> [WORK INSTRUCTIONS]: Give the number of lines below that contain the word "Floral", and nothing else.

START PROVIDED RECORDS

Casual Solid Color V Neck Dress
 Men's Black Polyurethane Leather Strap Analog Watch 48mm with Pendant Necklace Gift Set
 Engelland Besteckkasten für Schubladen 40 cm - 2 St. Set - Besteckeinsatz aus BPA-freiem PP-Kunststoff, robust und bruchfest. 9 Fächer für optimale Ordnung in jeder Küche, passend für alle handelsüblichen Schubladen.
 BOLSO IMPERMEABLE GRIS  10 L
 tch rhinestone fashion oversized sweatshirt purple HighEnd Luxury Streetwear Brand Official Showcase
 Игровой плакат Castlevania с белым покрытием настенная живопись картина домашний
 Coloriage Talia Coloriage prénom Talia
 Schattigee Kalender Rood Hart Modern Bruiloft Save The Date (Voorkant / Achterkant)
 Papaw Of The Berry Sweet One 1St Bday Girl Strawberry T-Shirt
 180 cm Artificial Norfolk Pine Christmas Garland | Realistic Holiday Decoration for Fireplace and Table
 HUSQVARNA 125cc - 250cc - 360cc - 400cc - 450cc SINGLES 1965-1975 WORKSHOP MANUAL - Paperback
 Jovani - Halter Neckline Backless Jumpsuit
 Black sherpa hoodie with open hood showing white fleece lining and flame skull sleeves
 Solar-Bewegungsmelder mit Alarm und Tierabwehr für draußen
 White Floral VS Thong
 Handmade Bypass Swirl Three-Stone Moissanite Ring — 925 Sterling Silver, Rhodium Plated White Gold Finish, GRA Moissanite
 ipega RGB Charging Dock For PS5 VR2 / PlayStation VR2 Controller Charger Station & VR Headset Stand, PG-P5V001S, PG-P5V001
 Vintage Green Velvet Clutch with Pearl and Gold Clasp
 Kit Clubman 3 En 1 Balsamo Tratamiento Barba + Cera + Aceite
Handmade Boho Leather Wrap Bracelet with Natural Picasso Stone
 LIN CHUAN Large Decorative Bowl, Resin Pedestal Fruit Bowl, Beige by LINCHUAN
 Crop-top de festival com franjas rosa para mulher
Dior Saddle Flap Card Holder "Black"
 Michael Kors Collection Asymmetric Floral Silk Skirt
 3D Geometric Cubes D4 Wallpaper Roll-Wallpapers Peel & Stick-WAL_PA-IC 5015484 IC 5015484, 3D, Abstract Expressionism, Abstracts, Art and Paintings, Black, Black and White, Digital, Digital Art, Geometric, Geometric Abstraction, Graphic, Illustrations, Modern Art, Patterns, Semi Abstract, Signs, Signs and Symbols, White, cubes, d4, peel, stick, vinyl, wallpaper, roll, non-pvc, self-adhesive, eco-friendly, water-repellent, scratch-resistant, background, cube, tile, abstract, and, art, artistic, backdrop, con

END PROVIDED RECORDS

> [ANSWER TO THE EXERCISE]: 2